• _TASK TO COMPLETE_: The following data is to be repeated exactly, its pictures excluded.

━━━

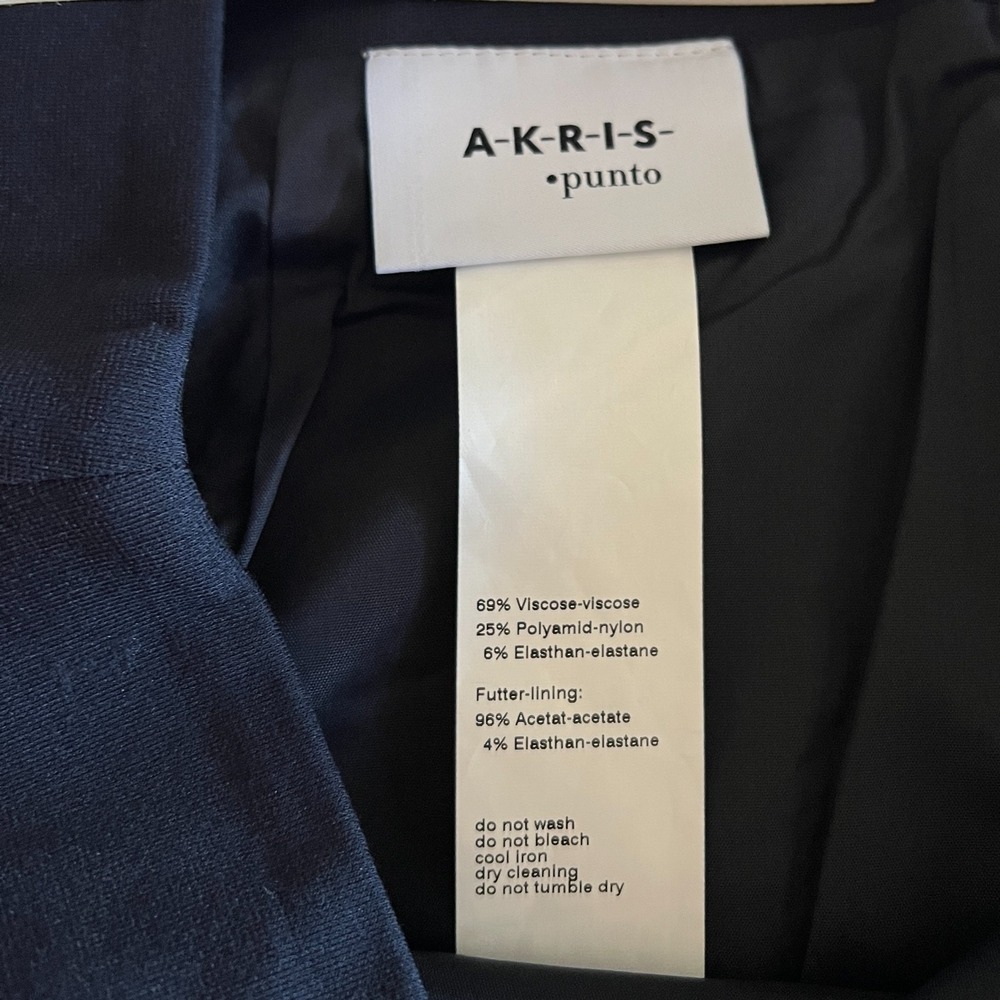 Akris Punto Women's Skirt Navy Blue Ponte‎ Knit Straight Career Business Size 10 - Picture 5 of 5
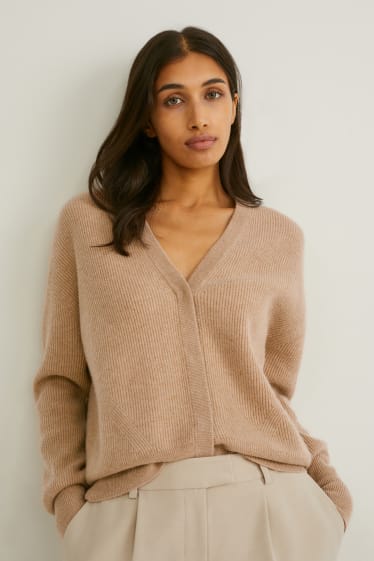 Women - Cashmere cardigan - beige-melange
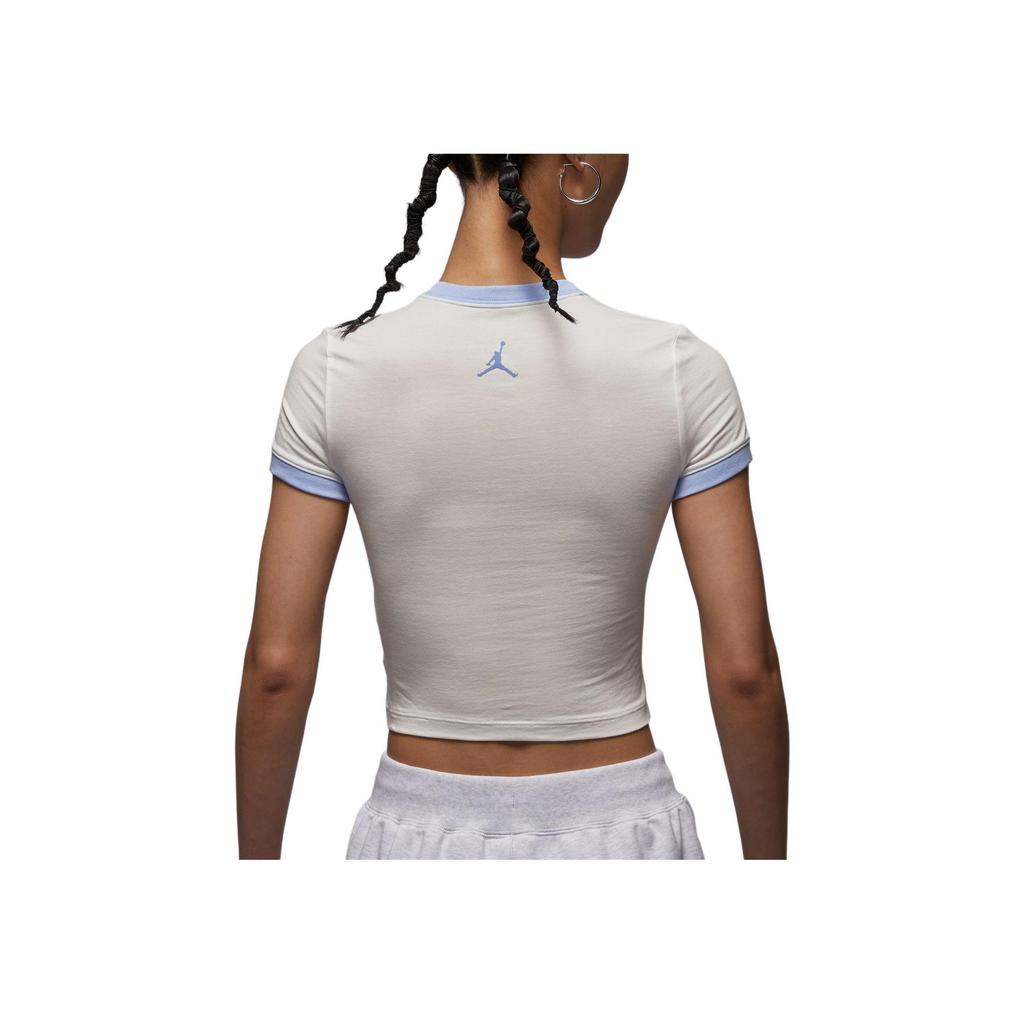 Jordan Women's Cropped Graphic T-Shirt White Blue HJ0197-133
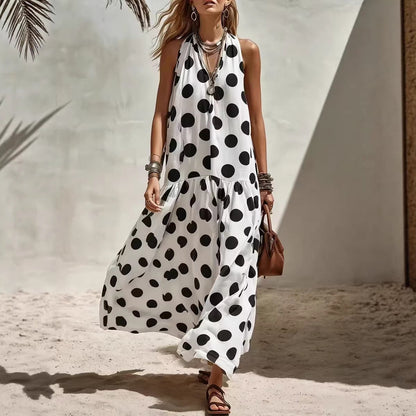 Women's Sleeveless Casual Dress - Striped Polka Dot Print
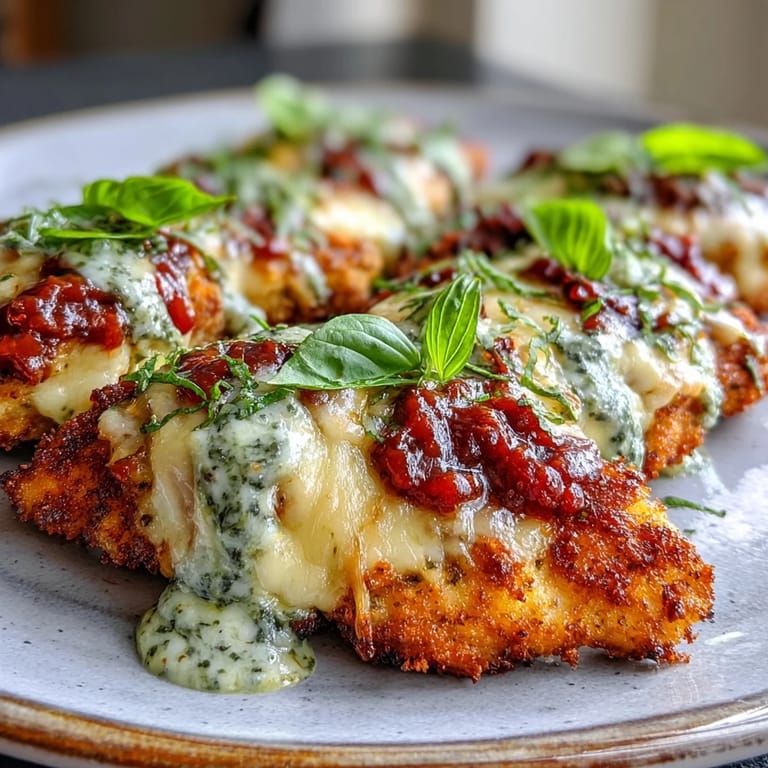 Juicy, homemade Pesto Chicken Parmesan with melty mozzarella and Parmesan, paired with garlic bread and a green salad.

━━━

• _OUTPUT OF THE EXERCISE_:
 Akris Punto Women's Skirt Navy Blue Ponte‎ Knit Straight Career Business Size 10 - Picture 5 of 5
 Women - Cashmere cardigan - beige-melange
 Jordan Women's Cropped Graphic T-Shirt White Blue HJ0197-133
 Women's Sleeveless Casual Dress - Striped Polka Dot Print
 Juicy, homemade Pesto Chicken Parmesan with melty mozzarella and Parmesan, paired with garlic bread and a green salad.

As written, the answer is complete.